The Apple Watch depends on a successful ecosystem. If it does, it won’t be a market creator, but a market disruptor. blog.mindrocketnow.com
The loss of the prefix “i” is quite significant: the Apple Watch is not meant to be an evolution of the existing Apple i-environment, it’s not Apple doing the same thing that it has for the past 7 years. It’s not class-creating, but class-leading. It’s not one-design-fits-all, but hugely customisable. It’s not a feature-packed smart watch, but an update to the classic Patek Philippe that you’ve always lusted after. It’s as much jewellery, as technology. The dropping of the “i” shows that it’s not trying to be uniquely Apple, but individually yours.
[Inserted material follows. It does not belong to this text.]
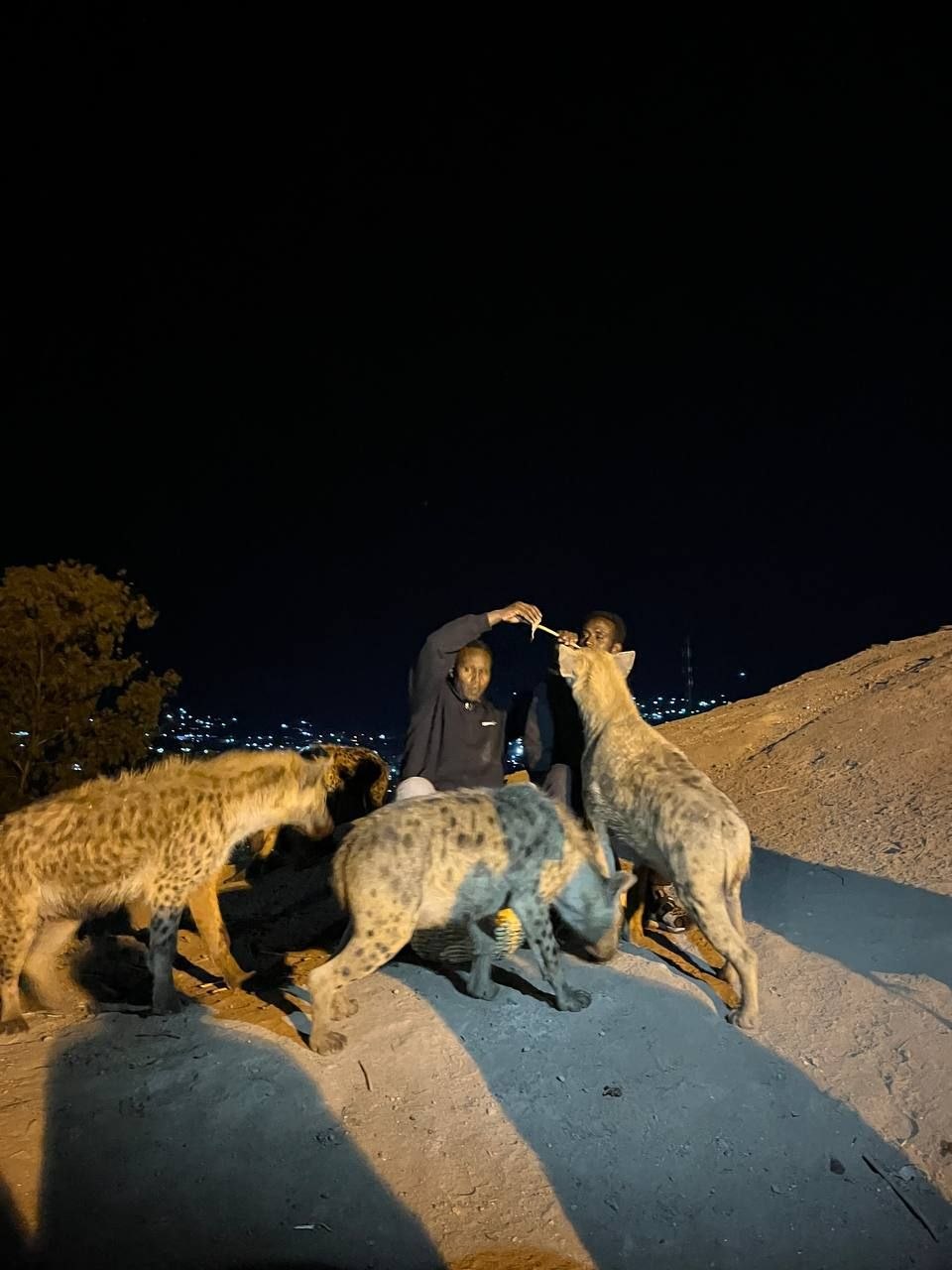 Discover Harar: Ethiopia's Ancient Walled City of Culture and Tradition 4Limalimo Ethiopia Tours Authentic Ethiopian Tours, Culture & Adventure photo 2026 08 05 10 46 26 Limalimo Ethiopia Tours Authentic Ethiopian Tours, Culture & Adventure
If it’s not all of those things, what is it? Here’s where it becomes a bit tricky, because the Apple Watch’s strength is that there isn’t a closed list of use cases that it fulfils. What it does will depend upon how its sensors are used, how it displays data, in other words which apps become important. It’s unclear to me what those apps will be, but we can draw parallels from the evolution of the iPhone.
Its flexibility is its key strength. That means providing sensors and data processing/ display capabilities not hobbled by stock apps. It’s a full computer running a variant of iOS. It has WiFi, Bluetooth, GPS, NFC, accelerometer, and heart-rate sensors. It has a retina touch sapphire (scratch-proof) screen, speakers, microphone and a taptic (programmable vibration) feedback. It has mag-safe inductive charging, so even powering it up will look cool.
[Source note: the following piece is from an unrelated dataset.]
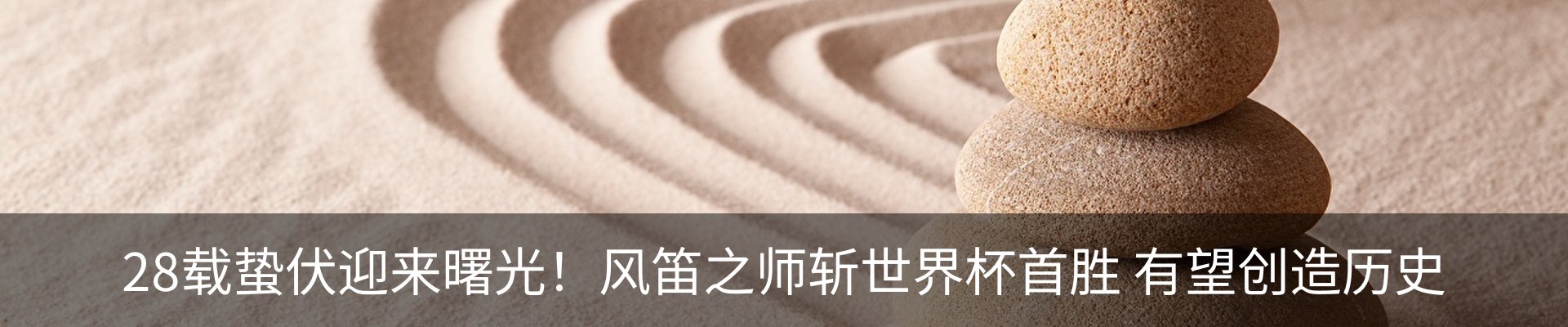 最新动态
Apple has announced some cool apps (cut-down Apple maps routing + taptic feedback for pedestrian directions without needing to look at your device), some creepy (sharing your heartbeat…), and some genuinely important (making secure payments by not sharing credit card details or even taking out your wallet). It’s the taptic feedback that’s the most interesting to me, the way that the watch can create a unique sound + display + sensation in response to its sensors. However, it’s what developers other than Apple choose to do with all this that creates the magic.
There’s an established precedent of apps emerging over time to improve the range of use cases. Thanks to apps, using my iPhone as a phone is low down on the list of things I want to do with it. As I posted last time, it’s not even the top consideration when buying its replacement. I’m excited to see how creative apps will improve my tech life in ways that I haven’t yet imagined. I’m pretty sure it won’t be just telling the time.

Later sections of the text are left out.